● RECORDS SUPPLIED:
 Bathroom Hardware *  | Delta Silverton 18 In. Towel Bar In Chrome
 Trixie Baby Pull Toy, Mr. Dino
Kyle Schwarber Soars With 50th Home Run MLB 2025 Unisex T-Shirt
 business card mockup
--
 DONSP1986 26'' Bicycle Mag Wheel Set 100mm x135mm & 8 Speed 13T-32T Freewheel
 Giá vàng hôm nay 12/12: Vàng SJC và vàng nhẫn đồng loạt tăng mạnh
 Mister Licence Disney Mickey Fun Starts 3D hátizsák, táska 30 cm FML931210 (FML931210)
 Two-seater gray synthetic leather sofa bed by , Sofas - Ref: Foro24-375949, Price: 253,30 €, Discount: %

● YOUR ASSIGNMENT: Taking the entries above, write out exactly the lines starting with the line containing "Trixie Baby Pull Toy, Mr. Dino" and going on through the line containing "business card mockup", both included, and nothing else.

● RESPONSE BELOW:
 Trixie Baby Pull Toy, Mr. Dino
Kyle Schwarber Soars With 50th Home Run MLB 2025 Unisex T-Shirt
 business card mockup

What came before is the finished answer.